From lipstick and lotion to beer and wine, product labels are meant to last the entire lifespan of the item to which they are applied. What happens when labels lack durability? Information is lost, putting safety and brand reputation at risk. Consumers might assume that a damaged or illegible label is a sign that the product itself is crafted of cheap or subpar materials. Good label design starts with a clear picture of exactly how a product will be used.

Ask yourself these questions:

  • How will the product be used?
  • What is the life expectancy of the product?
  • How will it be stored?
  • To what will the label be adhered?
  • Will it come into contact with chemicals or solvents?
  • Will the customer need to write on the label after it is applied?
  • Will the product undergo any further processing after the label is applied?
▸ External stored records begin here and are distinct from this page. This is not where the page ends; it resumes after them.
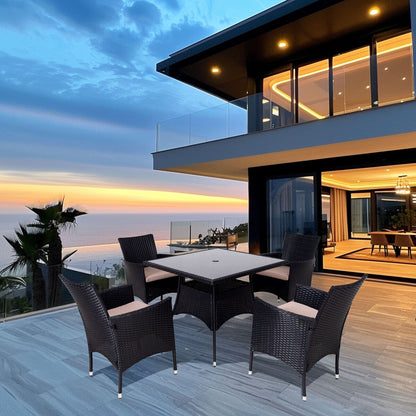 Set da pranzo da esterno in vimini da 5 pezzi con cuscini e tavolo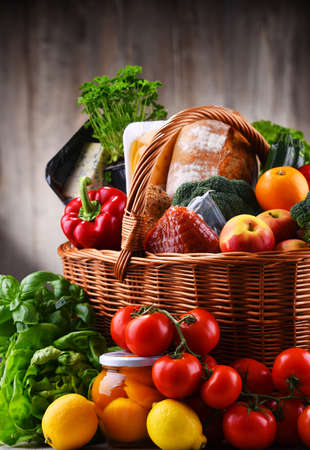 Wicker basket with assorted grocery products including fresh vegetables and fruitsの写真素材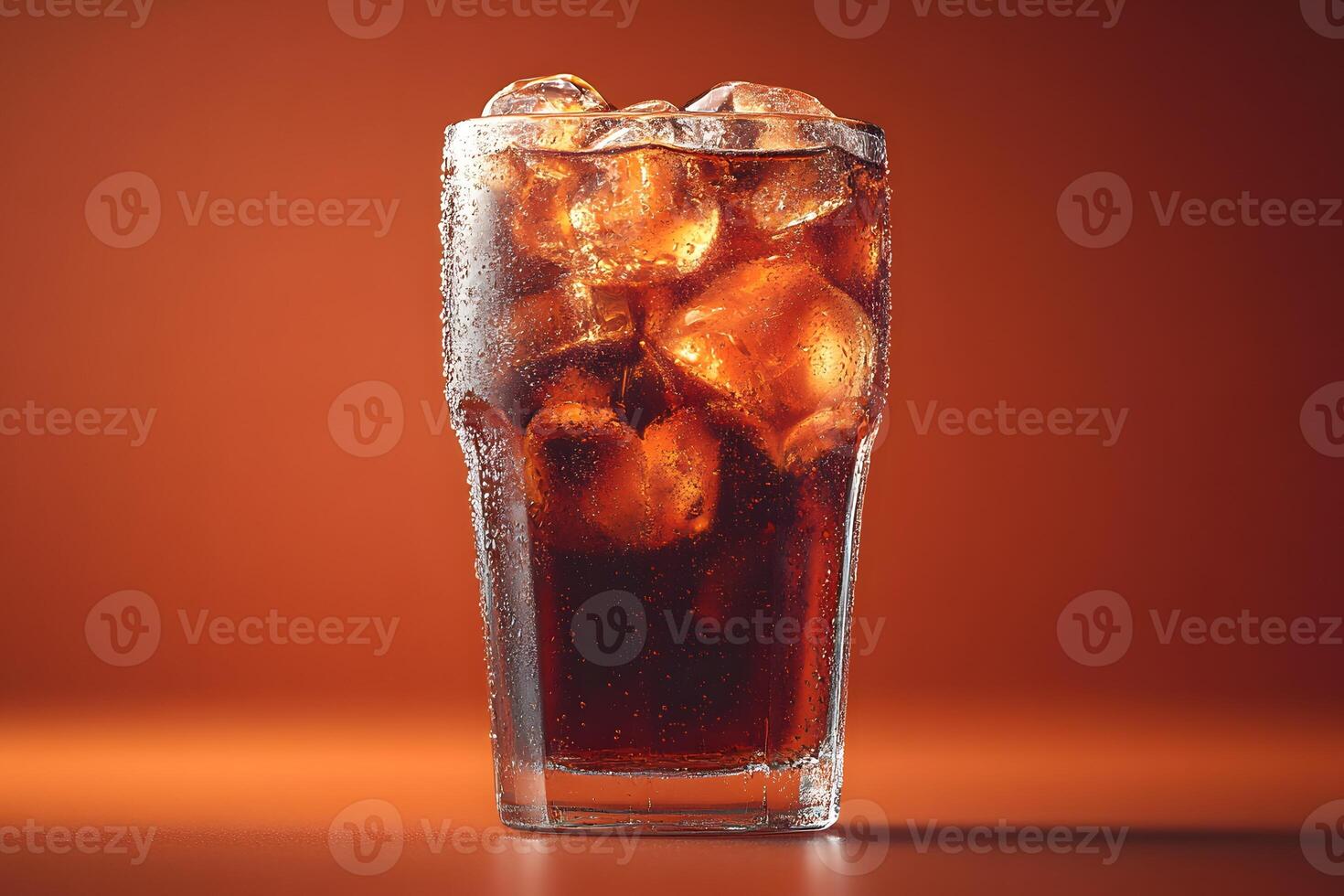 Refreshing Iced Beverage Against Orange Background for Summer Themes and Drink Promotions photo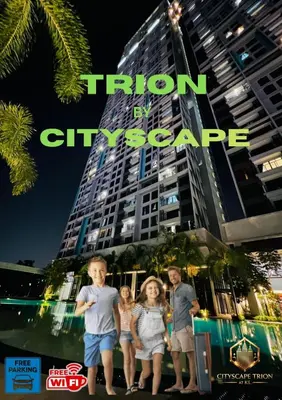 a group of children standing in front of a tall building at Cityscape Retreat TRION KL Premium Suites in Kuala Lumpur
Be thorough. Collect as much information as possible to give your supplier a complete picture of your label expectations. Only communicating that a label might be exposed to chemicals is not enough. A complete list of every possible chemical the label will likely encounter helps determine how the label will be constructed.

Be specific. If a label will endure industrial dishwashing cycles, this could mean anywhere between 30 and 10,000 wash cycles over the course of its lifespan. Provide your supplier with full disclosure of every potential scenario.

Select the right substrate. Substrates can range from less-expensive paper with varnishes or laminates to more durable and expensive vinyls and polyesters, up to very expensive polycarbonates and retro-reflective, pressure-sensitive materials. It’s important to specify the right substrate for the durability you need— without going overboard.